First, recall that Kolmogorov's Three Series Theorem (K3ST) is used to prove that the
sum of independent random variables $\sum_{i=1}^{\infty} S_i$ converges a.s. ("a.s." means "almost surely"), i. e., $S_1+\cdots +S_n$ converges a.s. But for this problem, you are asked to prove that $n^{-1/\alpha} (X_1 + \cdots + X_n)\to 0$ a.s. At first glance, it seems like the conclusion of K3ST looks nothing like what we want to prove and so won't be useful. Kronecker's Lemma (http://en.wikipedia.org/wiki/Kronecker%27s_lemma) will provide the required bridge from K3ST to the conclusion we wish to prove.
Define the random variable $S_n$ to be
$$
S_n = \frac{1}{n^{\frac{1}{\alpha}}} X_n.
$$
We will check the three conditions of K3ST for $S_n$. This will allow us to conclude $S_1+\cdots+S_n$ converges a.s. Simple application of Kronecker's Lemma with $S_n$ and the constant sequence $n^{\frac{1}{\alpha}}$ will then allow us to conclude $n^{-1/\alpha} (X_1 + \cdots + X_n)\to 0$ a.s.
For brevity, define the random variable $C_n$ as
$$
C_n = \lceil|X_n|^{\alpha}\rceil.
$$
Also, define
$$
p_i = \mathbb{P}(C_n = i)
$$
for all integers $i\ge 0$. Note that $p_i$ does not depend on $n$, since $X_n$ and therefore $S_n$ and $C_n$ are i.i.d.
By Minkowski's inequality and the fact that $C_n\le |X_n|^{\alpha} + 1$, we conclude $\mathbb{E}(C_n) < \infty$.

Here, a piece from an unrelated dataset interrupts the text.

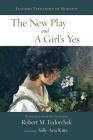 The New Play and A Girl's Yes Cover Image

We now verify K3ST for $S_n$.
Series 1 We must verify that $\sum_{n\ge 1} \mathbb{P}(|S_n| > 1) < +\infty$. Observe
\begin{eqnarray}
\sum_{n\ge 1} \mathbb{P}(|S_n| > 1) &\le& \sum_{n\ge 1} \mathbb{P} (|X_n| > n^{\frac{1}{\alpha}}) \\
&=& \sum_{n\ge 1} \mathbb{P} (|X_n|^{\alpha} > n) \\
&\le& \sum_{n\ge 1} \mathbb{P} (C_n > n) \\
&=& \sum_{n\ge 1} \sum_{i=n+1}^{\infty} p_i \\
&=& \sum_{i\ge 2} (i-1) p_i\\
&\le& \mathbb{E}(C_n) < \infty.
\end{eqnarray}
Series 2 We need to show $\sum_{n\ge 1} \mathbb{E}(S_n 1_{|S_n|\le 1})$ converges. One can show this by proving
$$
(*)\ \ \ \ \ \ \sum_{n\ge 1} \mathbb{E}(|S_n| 1_{|S_n|\le 1}) < \infty.
$$
To show this, first note
\begin{eqnarray}
\mathbb{E}(|X_n| 1_{|X_n|\le n^{1/\alpha}}) &=& \mathbb{E}(|X_n| 1_{|X_n|^{\alpha}\le n}) \\
&\le& \mathbb{E}(C_n^{1/\alpha} 1_{C_n\le n}) \\
&=& \sum_{i=1}^n i^{\frac{1}{\alpha}} p_i.
\end{eqnarray}
Therefore,
\begin{eqnarray}
\sum_{n\ge 1} \mathbb{E}(|S_n| 1_{|S_n|\le 1}) &=& \sum_{n\ge 1} \frac{1}{n^{\frac{1}{\alpha}}} \mathbb{E}(|X_n| 1_{|X_n|\le n^{1/\alpha}}) \\
&\le& \sum_{n\ge 1} \frac{1}{n^{\frac{1}{\alpha}}} \sum_{i=1}^n i^{\frac{1}{\alpha}} p_i \\
&=& \sum_{i\ge 1} \left(\sum_{n\ge i} \frac{1}{n^{\frac{1}{\alpha}}}\right) \ i^{\frac{1}{\alpha}} p_i \\
&\le& K \sum_{i\ge 1} i p_i = K \mathbb{E}(C_n) < \infty.
\end{eqnarray}
Here, $K$ is a finite constant, independent of $i$, such that
$$
\sum_{n\ge i} \frac{1}{n^{\frac{1}{\alpha}}} \le \frac{K}{i^{\frac{1}{\alpha} - 1}}.
$$
Series 3 We must show $\sum_{n\ge 1} \mathrm{Var}(S_n 1_{|S_n|\le 1}) < \infty$. Given $(*)$ above, this is easy:
\begin{eqnarray}
\sum_{n\ge 1} \mathrm{Var}(S_n 1_{|S_n|\le 1}) &\le& \sum_{n\ge 1} \mathbb{E}(S^2_n 1_{|S_n|\le 1}) \\
&\le& \sum_{n\ge 1} \mathbb{E}(|S_n| 1_{|S_n|\le 1}) < \infty.
\end{eqnarray}
And we're done.